Ce qui revient quand on remet du Vivant
Cette semaine, la crusine, vos messages et l’ouverture de ma bibliothèque-formation m’ont rappelé une chose simple : bien manger change vraiment la vie.
[Ta Revue Vivante du vendredi. Temps de lecture : 5 min]
Ce soir, j’avais envie de t’écrire autrement.
Pas pour en rajouter. Juste pour resserrer un peu le cercle.
Parce que cette semaine a réveillé quelque chose de très précieux chez moi. Et à lire vos messages, à sentir ce que cela remuait, je crois qu’elle a aussi réveillé quelque chose chez plusieurs d’entre vous.
Ce qui s’est rallumé
En reparlant ici de mon ancien resto, de cuisine vivante, puis avec cette proposition très concrète de crusiner pour un événement le 28 avril à Montpellier, j’ai senti revenir une joie très particulière.
Pas une excitation de surface.
Plutôt une joie profonde, celle qu’on reconnaît tout de suite quand elle revient : le plaisir d’imaginer, de préparer, de composer, de chercher ce qui va faire du bien, ce qui va éclairer, ce qui va soutenir.
Et surtout, j’ai senti revenir une évidence : ce sujet ne m’a jamais quitté.

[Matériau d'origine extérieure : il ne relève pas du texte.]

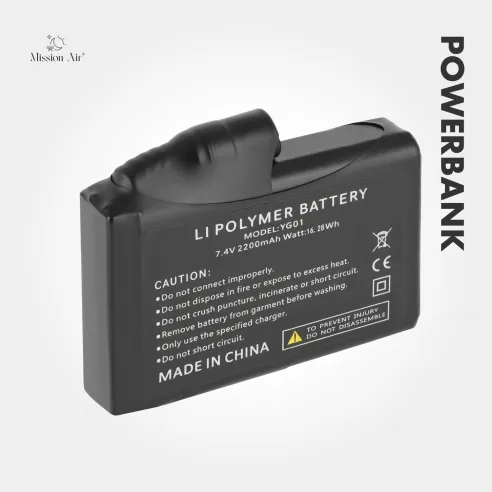 2200 mAh Power Bank | Compact for USB Clothing & Accessories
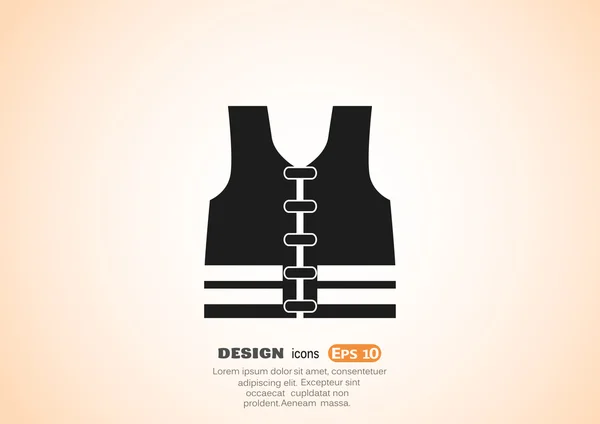 Vest, web icon. — Stock Vector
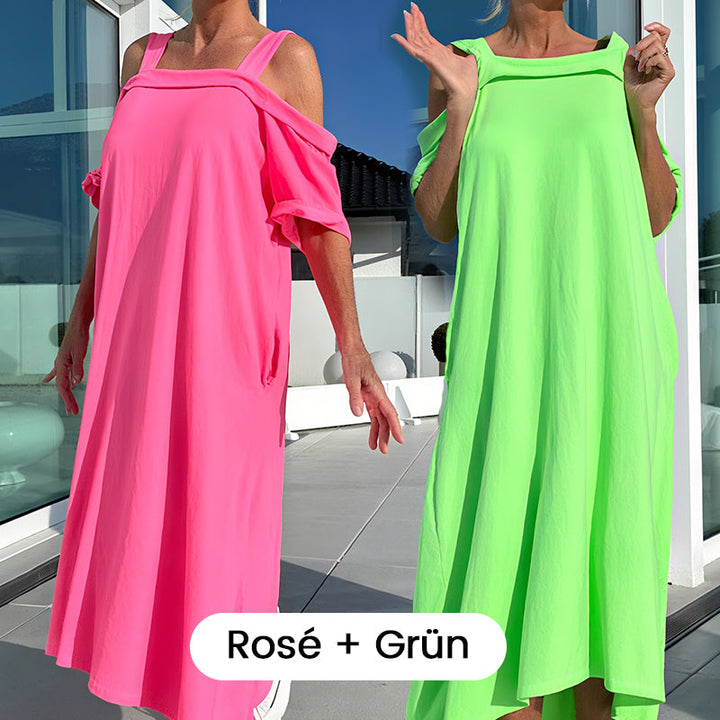 Lässiges Maxikleid mit offenen Schultern für Damen MOKKAKAI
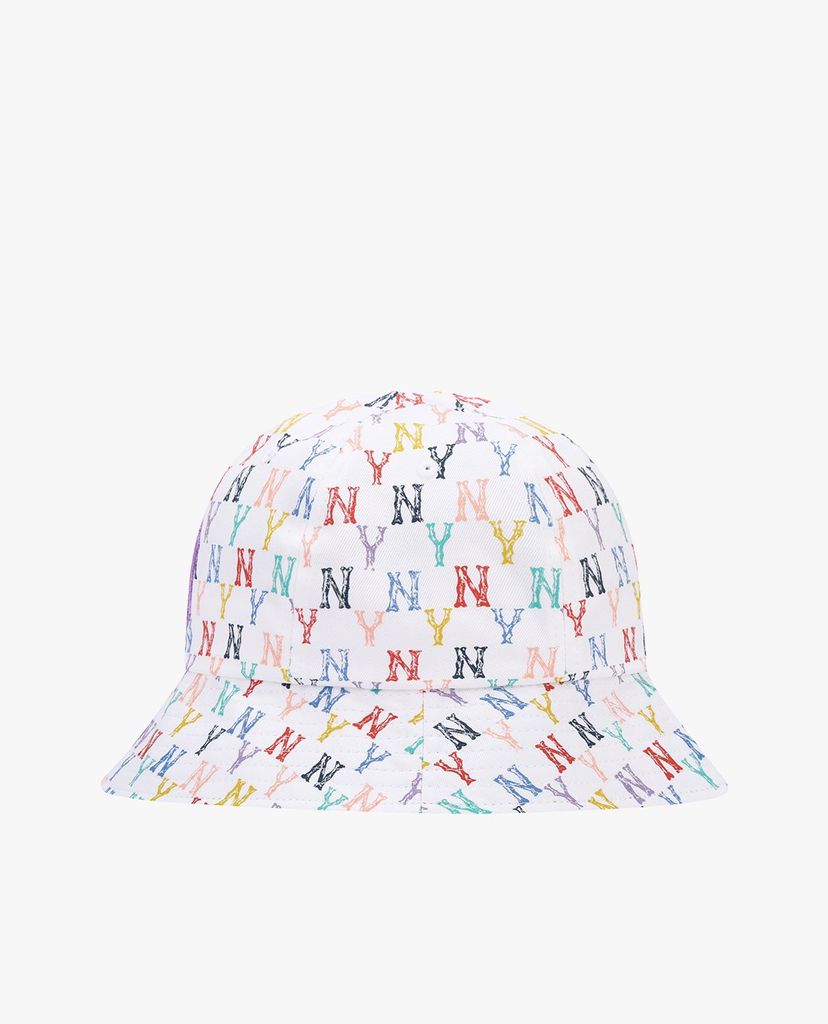 MLB - Nón bucket thời trang Monogram Rainbow
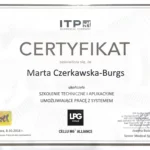 Certyfikat Marta Czerkawska - Burgs lpg alliance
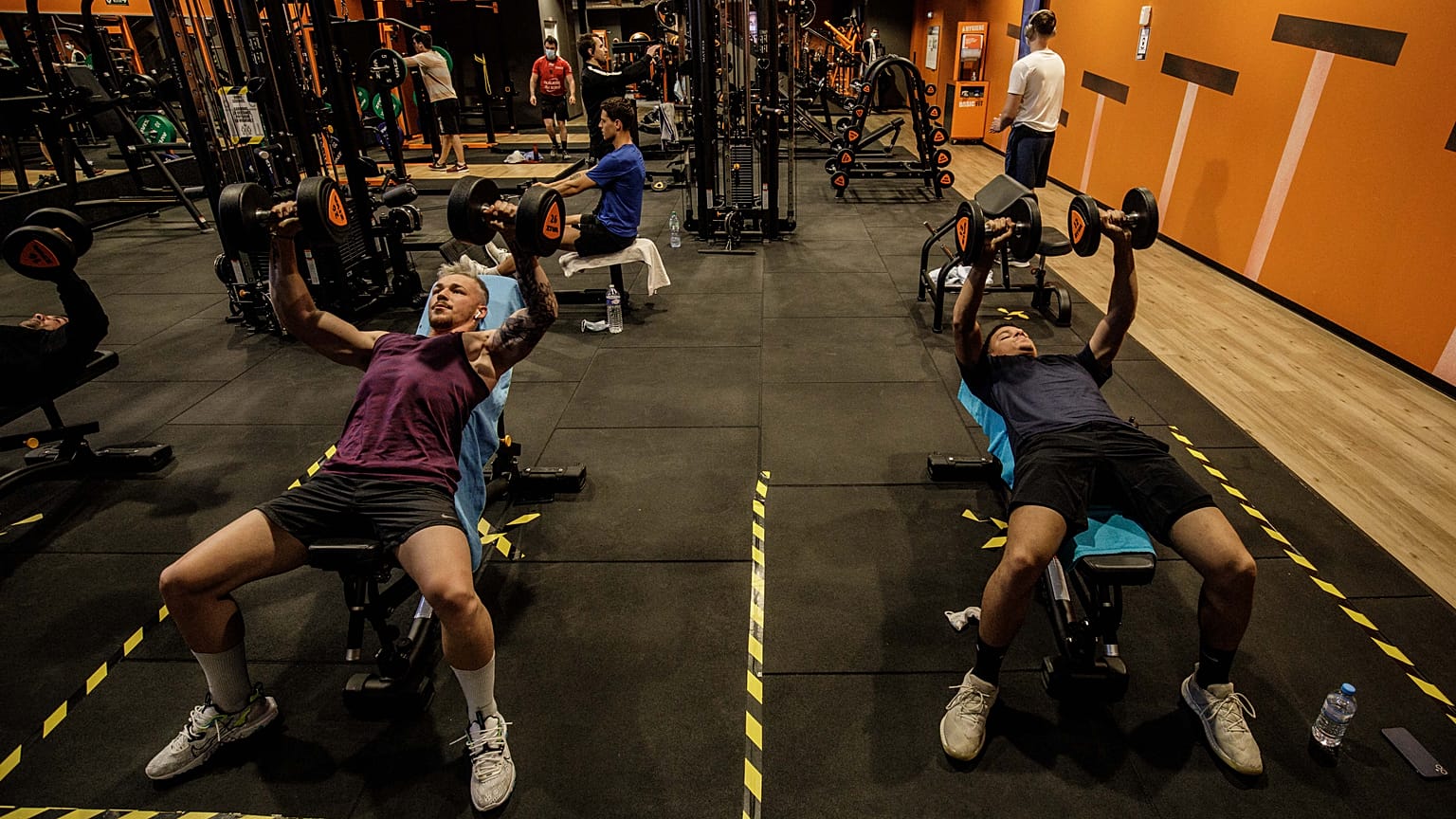Spor salonlarında alının Covid-19 önlemleri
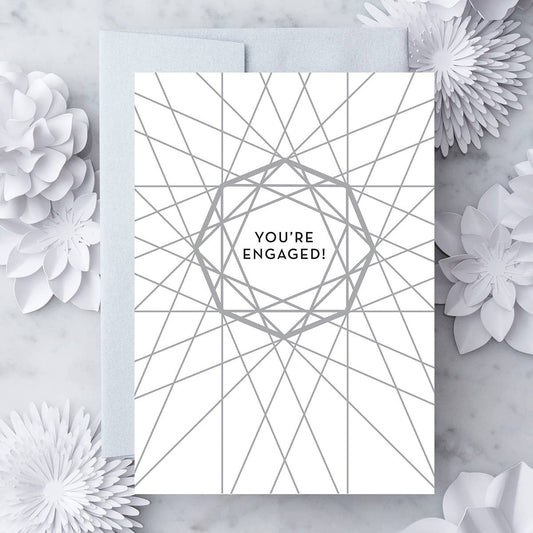 "You're Engaged” Greeting Card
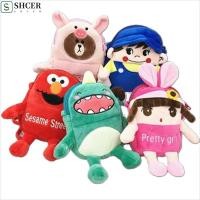 ราคา ชเซอร์ กระเป๋าโทรศัพท์มือถือ สองชั้นอะนิเมะการ์ตูนกระเป๋าเก็บโทรศัพท์ โทรศัพท์กระเป๋าสตางค์กระเป๋ายัดไส้ ค โรสบอดี น่ารักตุ๊กตาโทรศัพท์กระเป๋าเห (56652959638)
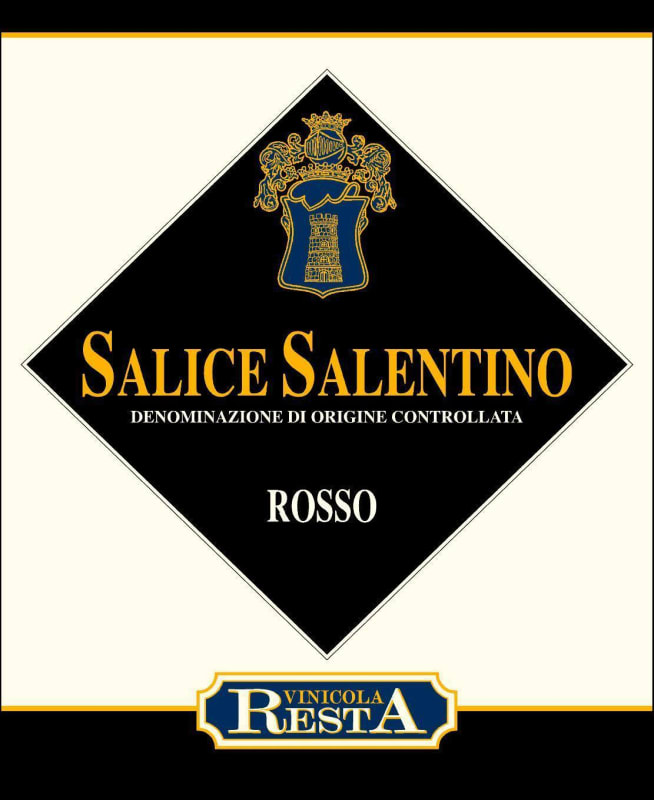 Vinicola Resta Salice Salentino Rosso 2004 Front Label
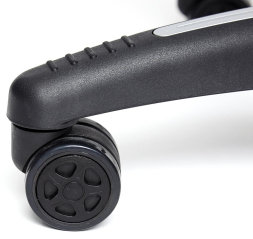 Кресло RUNNER кож/зам/ткань, серый/черный, 2 TONE/11/14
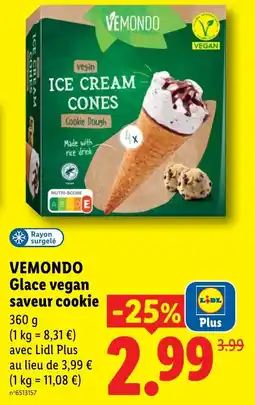 Lidl VEMONDO Glace vegan offre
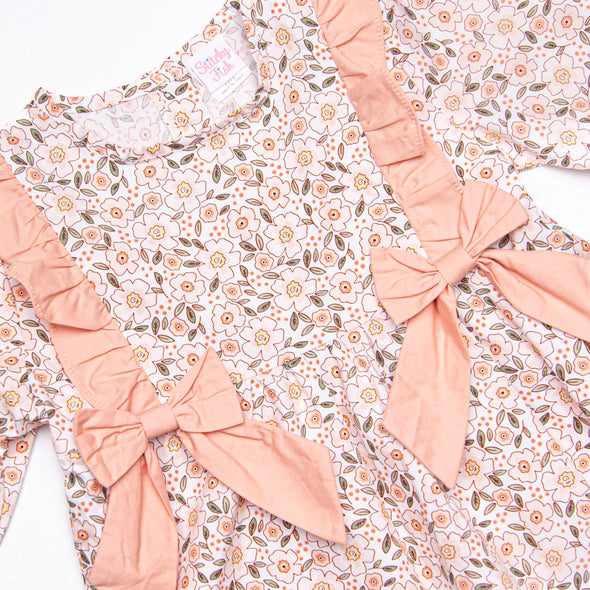 Berries and Bows Legging Set, Pink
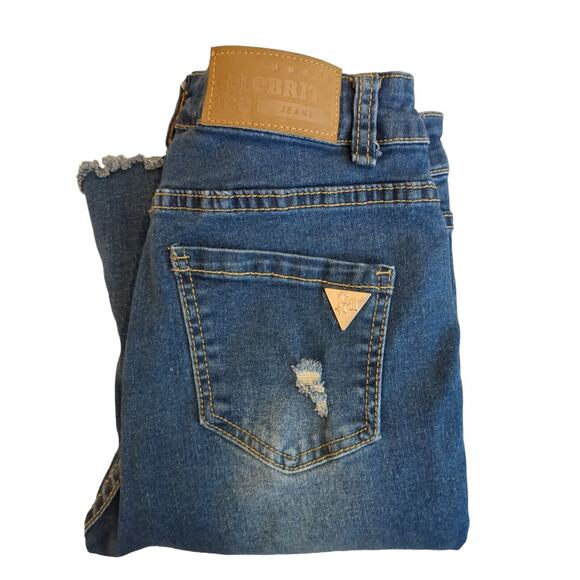 Celebrity Ace Women’s High Waisted Stretch Flare Distressed Jeans Size 7/28 - Picture 9 of 10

Il a parfois changé de forme. Il s’est parfois fait plus discret.
Mais il est toujours resté là.
Ce que vos messages m’ont fait
Vos mots m’ont beaucoup touché cette semaine.
Pas seulement parce qu’ils étaient gentils, même si franchement, c’est toujours bon à prendre ♡.
Mais surtout parce qu’ils m’ont renvoyé quelque chose de très juste : une mémoire toujours Vivante.
Quand quelqu’un me rappelle un plat, une ambiance, une photo, une énergie, un souvenir resté dans le corps… je réalise à nouveau que la cuisine n’est jamais juste “de la nourriture”.
Elle laisse une trace. Elle accompagne un moment.
Elle peut alourdir, oui. Mais elle peut aussi remettre de la vie là où quelque chose s’était tassé.
Et je crois que c’est précisément ce qui me bouleverse toujours autant.
Le vrai sujet derrière tout ça
Au fond, ce qui me travaille depuis longtemps est très simple : je trouve qu’on s’est beaucoup habitués à se nourrir sans vrai soutien. Simplement pour se remplir.
Je ne dis pas ça pour juger qui que ce soit.
Je connais très bien les journées trop pleines, les repas pris entre deux urgences, la fatigue qui décide à notre place, le “ça fera l’affaire”, le “je ferai mieux demain”.
Mais à force, beaucoup de gens finissent par perdre un repère essentiel : la sensation d’être réellement soutenus par ce qu’ils mangent.
Alors que ça change énormément les choses.
Quand on mange mieux, et de surcroît Vivant, il n’y a pas que la digestion qui respire un peu mieux. Il y a aussi la tête, l’Élan, l’humeur, la patience… la manière d’habiter son corps et ses journées.
Parfois c’est discret. Mais ça réchauffe bien plus que le corps.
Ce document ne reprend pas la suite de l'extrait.